What do coral reefs support?
What does the death of the reefs would trigger?
Why are coral reef systems remain at risk?
What is the article all about?
Part 3. Article reading
Over the course of a single decade, climate change
helped kill 14 percent of the world's coral reefs, a new study has found.
In its first global report since 2008, the Global Coral
Reef Monitoring Network (GCRMN) finds that rising ocean temperatures due to
climate change led to a succession of "large-scale bleaching
events" that resulted in the decline of coral reefs worldwide. “Large-scale
coral bleaching events caused by elevated sea surface temperatures are the
greatest disturbance to the world’s coral reefs,” the report states.
Coral reefs support over 25 percent of all marine species on
earth yet cover just 0.2 percent of the ocean floor. The death of reefs would trigger
the collapse of an entire ecosystem, scientists have long warned. The
GCRMN report, which drew its findings based on data compiled over 40 years in
73 countries, finds a marked spike in the number of algae on the world's coral
reefs in just a decade.
“While the results of the report are sobering, there are
examples of the ability of coral reefs to recover in the absence of major
disturbances,” Margaret Johnson, general manager of the Great Barrier Reef
Marine Park Authority in Australia, said in a statement accompanying the
report. “This reinforces our conviction that we need to step up and
accelerate efforts at all levels to address key threats and increase global
action at all levels to reduce the extent of climate change impacts.”

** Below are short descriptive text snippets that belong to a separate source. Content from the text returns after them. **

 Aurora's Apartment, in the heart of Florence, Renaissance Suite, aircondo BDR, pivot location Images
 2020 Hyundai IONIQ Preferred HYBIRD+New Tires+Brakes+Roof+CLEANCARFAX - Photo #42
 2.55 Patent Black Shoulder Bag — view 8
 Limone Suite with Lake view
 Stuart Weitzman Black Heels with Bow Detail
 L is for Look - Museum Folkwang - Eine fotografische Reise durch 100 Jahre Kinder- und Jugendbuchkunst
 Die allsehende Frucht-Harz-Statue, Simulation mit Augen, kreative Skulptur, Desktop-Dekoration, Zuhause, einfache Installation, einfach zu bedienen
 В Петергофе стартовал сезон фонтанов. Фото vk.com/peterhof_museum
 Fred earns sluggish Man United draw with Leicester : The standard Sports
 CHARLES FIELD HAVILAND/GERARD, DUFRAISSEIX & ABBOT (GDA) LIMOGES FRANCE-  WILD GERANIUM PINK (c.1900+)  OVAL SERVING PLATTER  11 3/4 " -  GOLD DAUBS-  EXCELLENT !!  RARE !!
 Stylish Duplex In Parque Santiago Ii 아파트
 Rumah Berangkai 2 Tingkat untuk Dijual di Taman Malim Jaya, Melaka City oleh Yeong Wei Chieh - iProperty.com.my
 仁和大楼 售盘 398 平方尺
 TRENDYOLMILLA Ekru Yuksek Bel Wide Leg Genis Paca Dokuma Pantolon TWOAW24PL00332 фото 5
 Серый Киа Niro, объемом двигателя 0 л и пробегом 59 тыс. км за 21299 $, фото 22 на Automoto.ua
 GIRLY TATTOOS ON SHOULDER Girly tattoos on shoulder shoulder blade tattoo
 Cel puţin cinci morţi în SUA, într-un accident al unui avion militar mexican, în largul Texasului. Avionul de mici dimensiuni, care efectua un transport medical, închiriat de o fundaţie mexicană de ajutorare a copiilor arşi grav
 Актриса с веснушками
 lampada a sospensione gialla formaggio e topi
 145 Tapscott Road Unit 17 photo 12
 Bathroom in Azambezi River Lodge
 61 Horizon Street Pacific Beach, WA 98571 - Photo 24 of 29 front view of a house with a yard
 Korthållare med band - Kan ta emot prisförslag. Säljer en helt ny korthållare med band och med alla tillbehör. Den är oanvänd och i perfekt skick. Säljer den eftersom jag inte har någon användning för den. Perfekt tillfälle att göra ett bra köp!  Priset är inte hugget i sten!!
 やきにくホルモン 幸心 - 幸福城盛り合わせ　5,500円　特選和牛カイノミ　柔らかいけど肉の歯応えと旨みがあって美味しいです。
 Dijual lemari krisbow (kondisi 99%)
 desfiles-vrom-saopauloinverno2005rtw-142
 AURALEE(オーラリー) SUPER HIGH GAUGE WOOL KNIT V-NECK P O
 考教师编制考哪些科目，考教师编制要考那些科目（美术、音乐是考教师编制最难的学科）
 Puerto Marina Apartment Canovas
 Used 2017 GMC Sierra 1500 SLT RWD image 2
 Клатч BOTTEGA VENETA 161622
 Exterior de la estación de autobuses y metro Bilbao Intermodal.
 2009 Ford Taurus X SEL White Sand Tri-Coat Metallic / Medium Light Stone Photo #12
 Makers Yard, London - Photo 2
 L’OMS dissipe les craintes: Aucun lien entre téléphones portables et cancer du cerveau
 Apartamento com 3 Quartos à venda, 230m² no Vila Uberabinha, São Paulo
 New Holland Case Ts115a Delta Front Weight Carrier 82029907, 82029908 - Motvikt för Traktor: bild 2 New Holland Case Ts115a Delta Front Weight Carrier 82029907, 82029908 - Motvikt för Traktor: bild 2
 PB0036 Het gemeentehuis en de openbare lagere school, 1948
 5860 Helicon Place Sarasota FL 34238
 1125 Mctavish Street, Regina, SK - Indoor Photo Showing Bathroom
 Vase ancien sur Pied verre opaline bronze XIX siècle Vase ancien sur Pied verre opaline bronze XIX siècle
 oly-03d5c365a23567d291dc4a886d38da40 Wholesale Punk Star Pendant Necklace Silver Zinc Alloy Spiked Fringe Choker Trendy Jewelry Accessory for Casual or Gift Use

Despite the fact that they can rebound from individual
bleaching events, coral reef systems remain at risk because oceans absorb the
vast majority of heat caused by climate change. Last year, the oceans reached
their warmest temperature on record, and five of the warmest years
recorded have all occurred since 2015.
“Most of the excess atmospheric heat is passed back to the
ocean. As a result, upper ocean heat content has increased significantly over
the past few decades,” the National Oceanic and Atmospheric Administration
says on its website.
Coral reefs, which require sunlight, are found in shallow
waters, where the impact of temperature rise has been profound.
“We are running out of time: We can reverse losses, but we
have to act now,” Inger Andersen, head of the United Nations Environment
Program, said in a statement regarding the report's findings.